We are truly unique in the way democracy was introduced in our country – gifted, so to speak, from the Golden Throne to the people. This, we must never forget. And always celebrate.

And we must aspire to be unique in another way: in the quality of politicians that we elect. In every democracy, politicians are viewed with suspicion. They are considered, and many times proven, to be a greedy, corrupt and power-hungry lot who will go to any length to win, but who, once elected, can’t be trusted to keep their promises.

So this was my reply to the very concerned Sherubtse student: “If you want a unique democracy, insist that our politicians are unique. Insist that they empathize with the common people and that they serve them with humility. Insist that they keep their promises – that they actually walk the talk. Insist that they are the champions of our democracy. And the role models for our youth. Insist that they are unique. Then, and only then, we’ll have a unique democracy.”

Why do I remember Sherubtse? Because today, 24th March, is exactly one year since we elected 47 people to the National Assembly. So it is a fitting time to reflect if we, politicians, are fulfilling His Majesty’s vision for a vibrant and honest democracy. And to see if we, politicians, are living up to the hopes and aspirations of our people. To consider if our politicians are unique.
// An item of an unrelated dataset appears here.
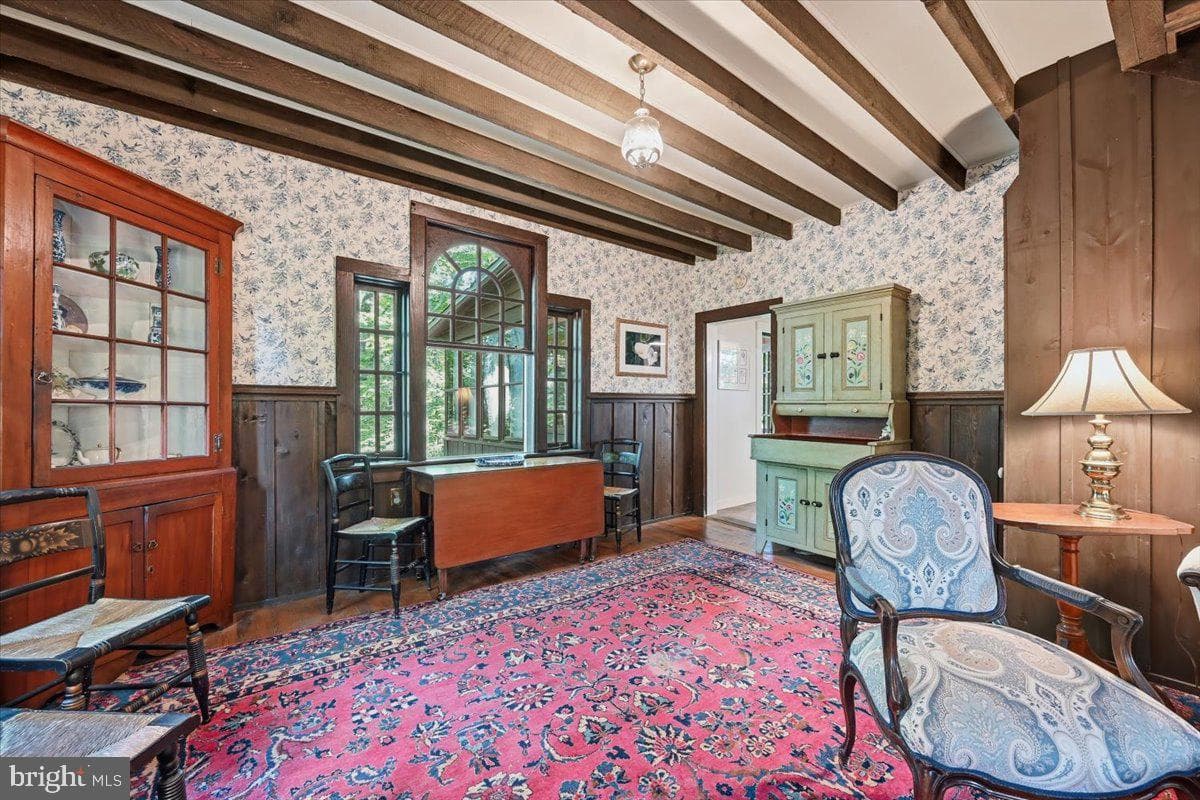 90 Oak Lane photo 30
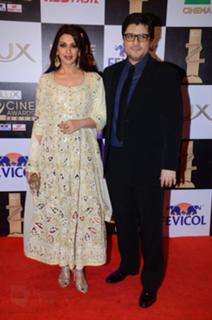 Sonali Bendre feet photo thumbnail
One politician has already proven that he is unique. Lyonpo Sangay Ngedup may have lost the elections last year, but, by all accounts, he has become even more popular. Yet, in spite of his growing popularity and the strong appeals from all over our country, he resigned as PDP’s president. And he resigned for one reason alone: to take full moral responsibility for his party’s loss in the general elections last year.

Now that, in Bhutan’s context, is unique. And should be emulated by our politicians. Perhaps then, we can claim to have a truly unique democracy.